Editorial Opinion: The rare ability to explain complex topics in plain language
- Published: Jun 11, 2013, 8 PM
Richard (Dick) Doty was curator of the National Numismatic Collection at the Smithsonian Institution for 27 years. He had an ability that was unusual in the curatorial world: a way to break down complex topics into plain language.
Those who have read his books like America’s Money: America’s Story, chatted with him at an American Numismatic Association Summer Seminar or after one of his lectures, or who visited him at the Smithsonian can certainly attest to his unique ability to blend coins and history, with a dash of wit.
Doty was able to translate the often arcane jargon of numismatics into relatable concepts of history, economics and culture.
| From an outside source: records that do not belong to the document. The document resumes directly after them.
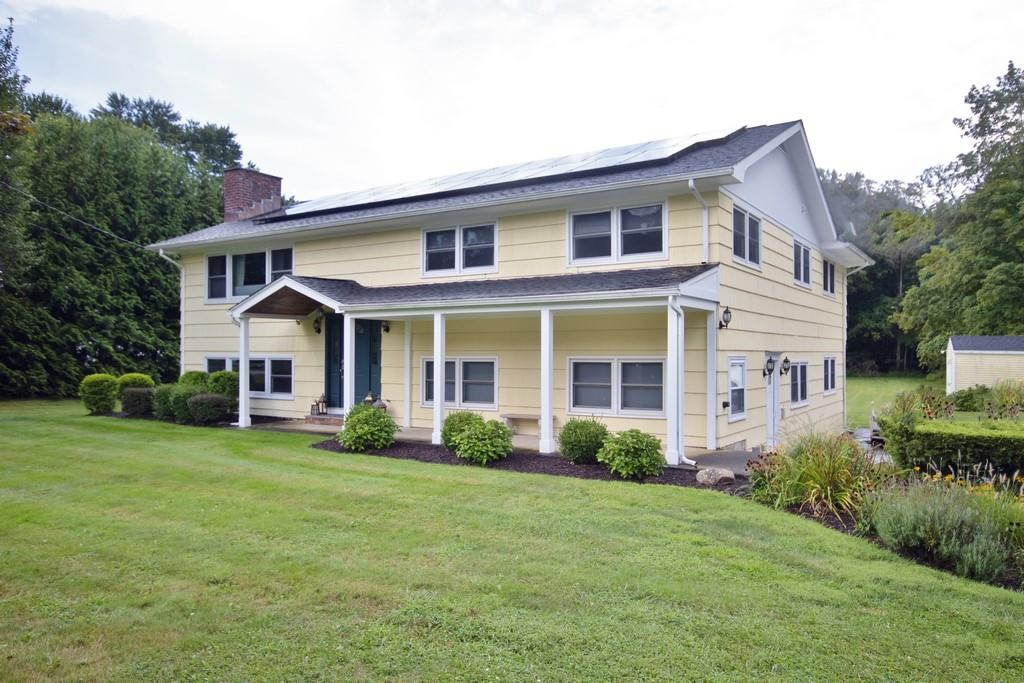 a front view of a house with a yard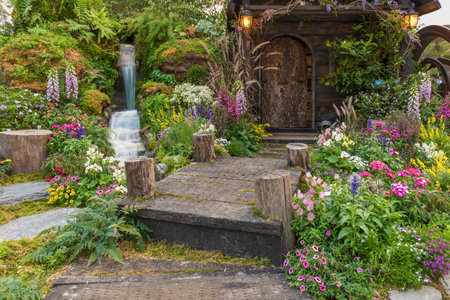 Landscaped backyard of old house with flower gardenの写真素材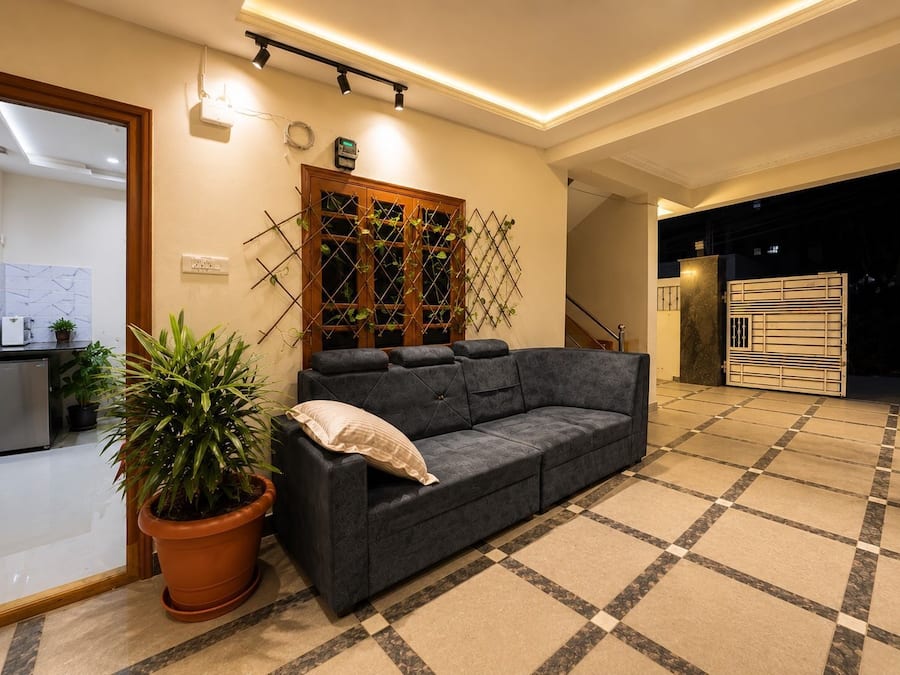 Una sala de estar moderna con un sofá gris, una planta en maceta, un muro de celosía de madera y un piso de baldosas.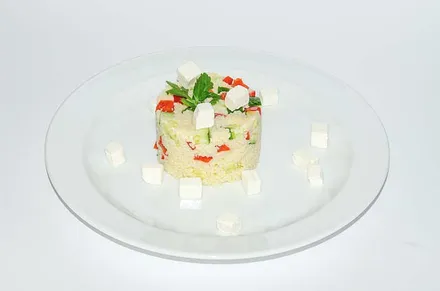 A small tower of diced vegetables on a white plate.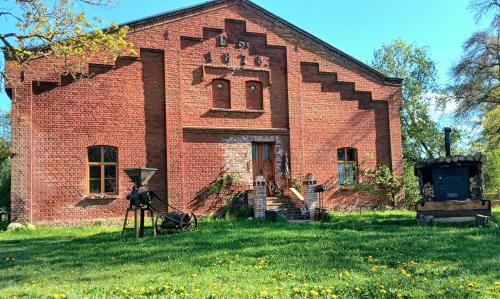 an old brick building with a camera in the yard at Ferienwohnung Sophienhof in Loitz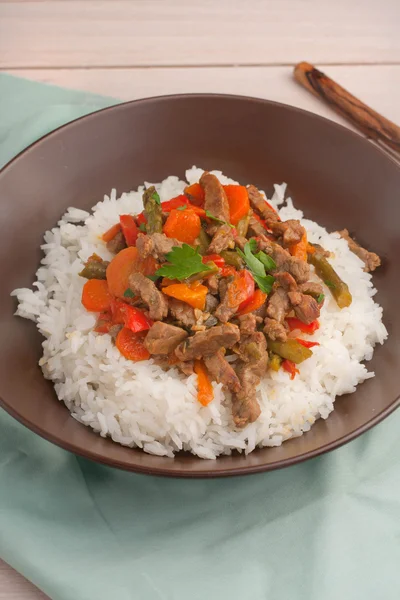 Eine braune Schüssel mit weißem Reis unter Rühren braten Rindfleisch mit Paprika, Spargel und Karotten — Stockfoto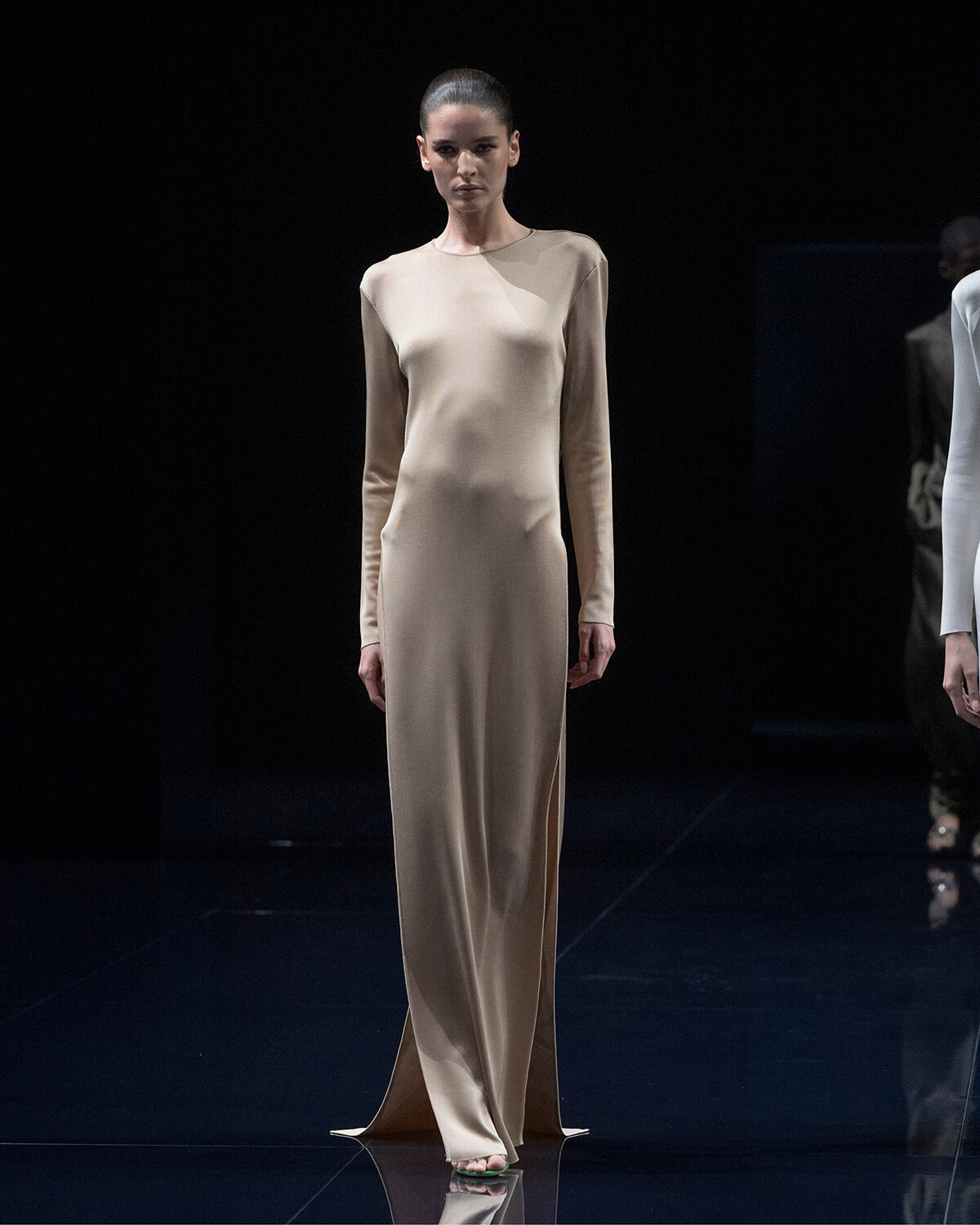 Model on a runway wearing a full-length beige satin dress with long sleeves and a neutral expression.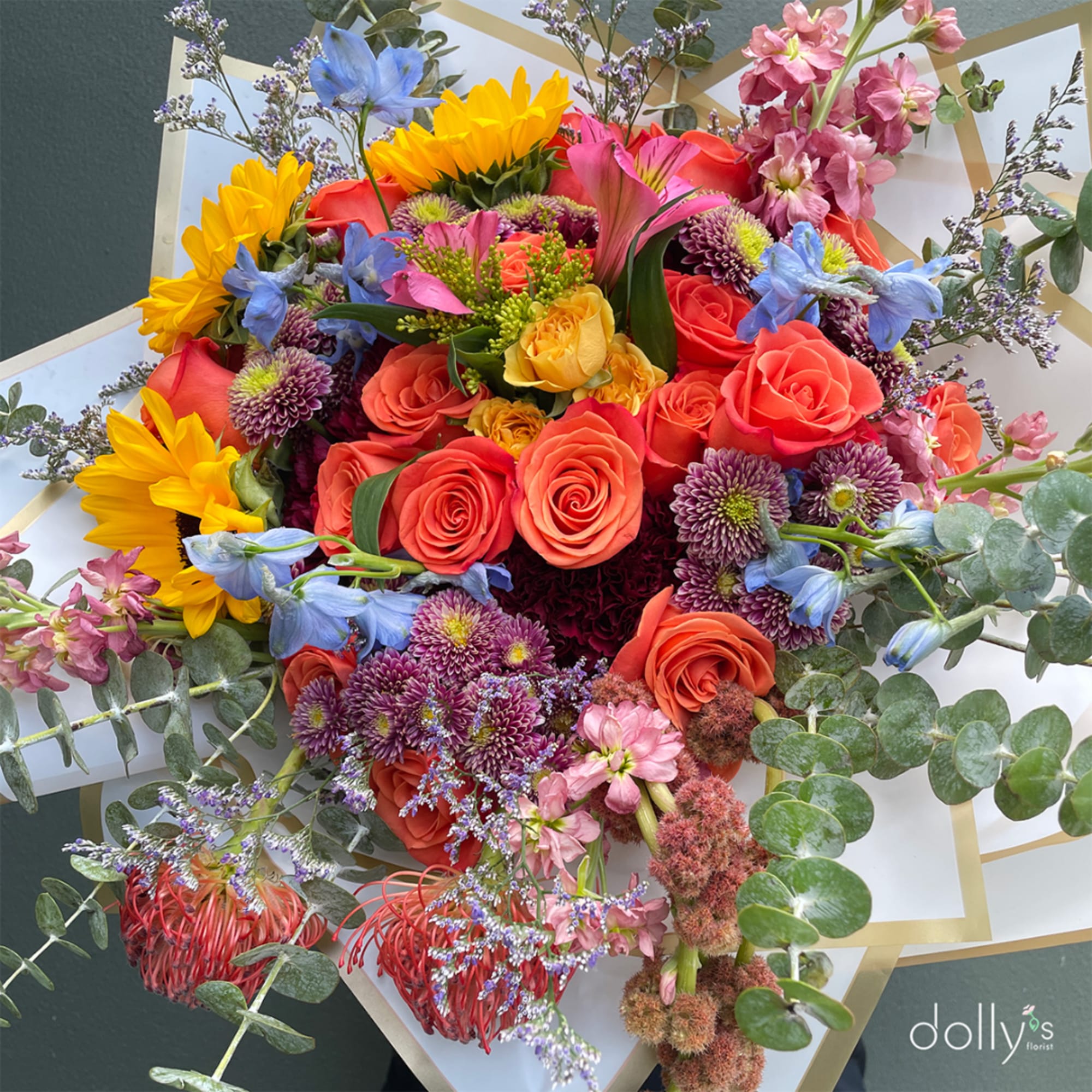 Colorful bouquet with roses, sunflowers, and blue flowers in white wrap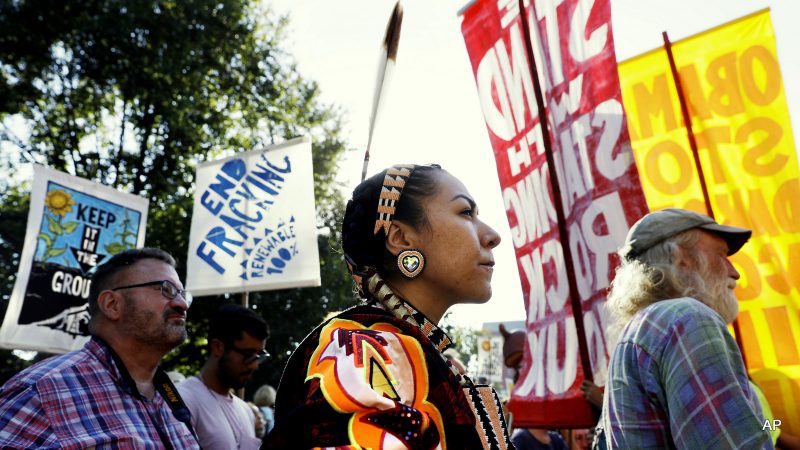 Angela Miracle Gladue, center, a member of the Frog Lake First Nations, a Cree community in Edmonton, Alberta, Canada, attends a rally in support of the Standing Rock Sioux Tribe and in opposition of the Dakota Access oil pipeline, in Lafayette Park near the White House, Tuesday, Sept. 13, 2016, in Washington.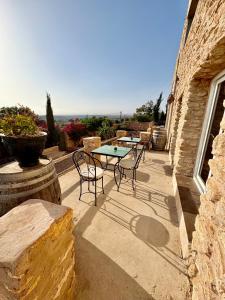 a patio with a table and chairs on a building at Chez les copains in Sidi Kaouki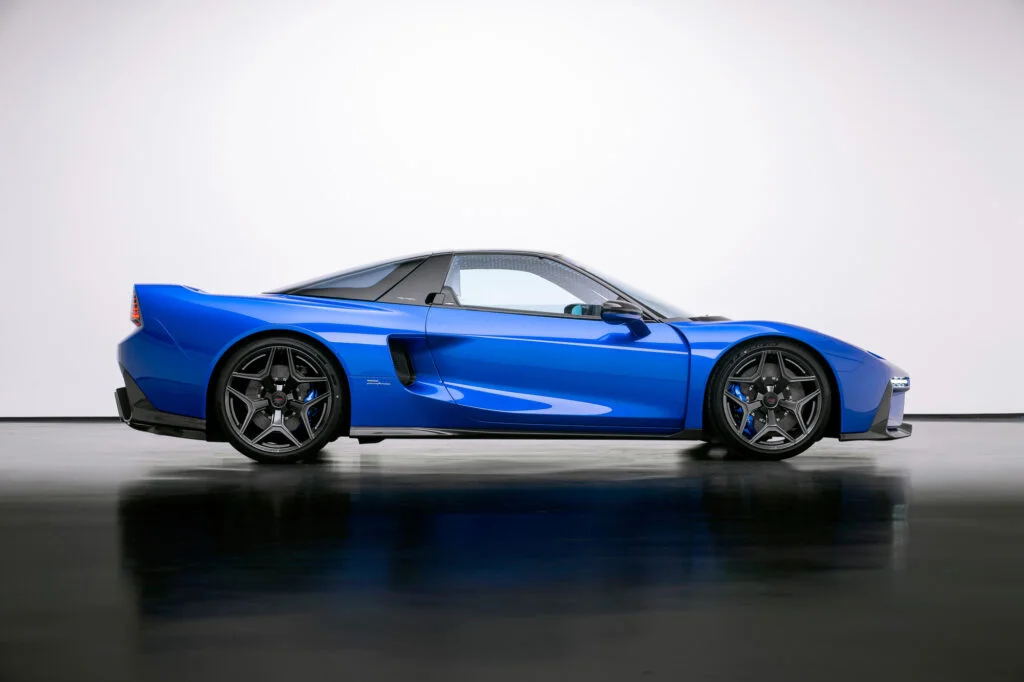 Side profile of a blue JAS Tensei in a white studio, showing its low beltline, slim glasshouse, side air intake and centre-lock wheels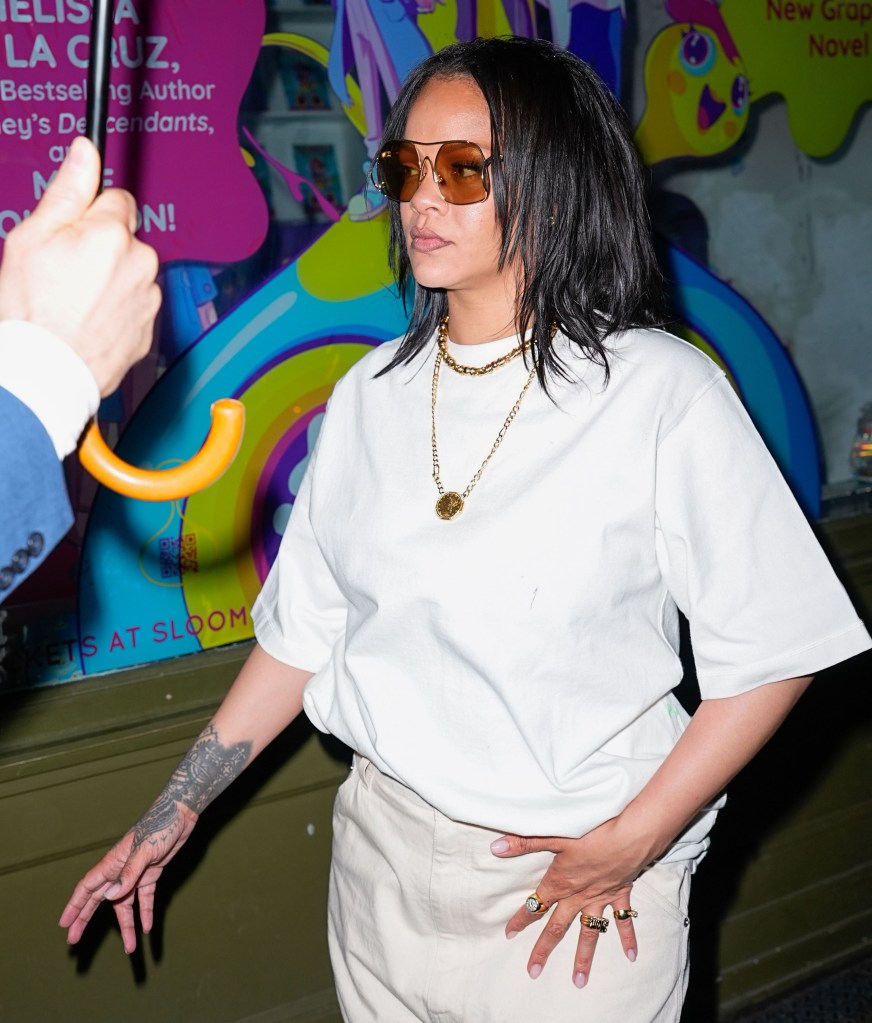 Rihanna wearing a white t-shirt, gold chains, and sunglasses while walking in New York City.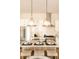 Stylish kitchen island with seating, pendant lights, stainless steel appliances, and plenty of counter space at 2751 Curtis St, Denver, CO 80205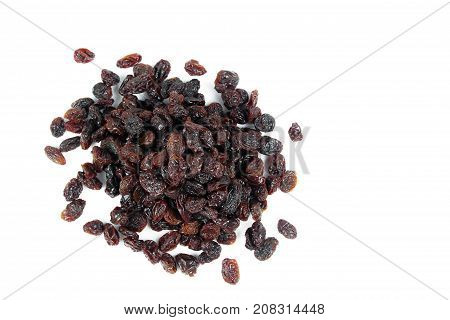 black raisins isolated on white and wooden background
In doing that he helped introduce countless new people to the hobby of coin collecting.
As Coin World columnist John Kraljevich recalls in his monthly column appearing in this issue, Doty, “understood the historical underpinnings, the economic issues, the big picture, better than most before or since.”
In what seems like a dream career for many collectors, Doty was able to turn a childhood interest in coins into a lifelong career in numismatics.
Like many collectors, he took a casual interest in coins when young, and after “paying his dues” as a professor in Iowa, New York and Guam, he joined the curatorial staff of the American Numismatic Society in New York City in 1974, and in 1986 he was appointed as a curator at the Smithsonian Institution.
As senior curator of the National Numismatic Collection, he maintained the nation’s collections of U.S. and world coins, tokens, medals, paper money and related items — an extensive group of more than 1.6 million objects ranging from ancient silver to modern credit cards.
His closing statement in the 2008 second edition of America’s Money: America’s Story foretells the challenges awaiting a new generation of researchers as they connect history with today’s money. He ended that text with a summary of the then-recent colorization of $50, $20, $10 and $5 Federal Reserve notes, issues involved with the failure of small-sized dollar coins to enjoy wide circulation and the longevity of the circulating 1-cent coin.
Doty wrote: “These developments are exciting for the hobbyist, but they are perhaps more important for the historian and student of numismatics: among other things, they proclaim that the exceptional, the unusual, and the local have by no means disappeared from America’s media of exchange, and that what appeared at first glance to be a closing door is an open one, welcoming, beckoning. Who knows where it may lead our people — and our money?”
Hopefully a new generation of scholars will continue in Doty’s research footsteps.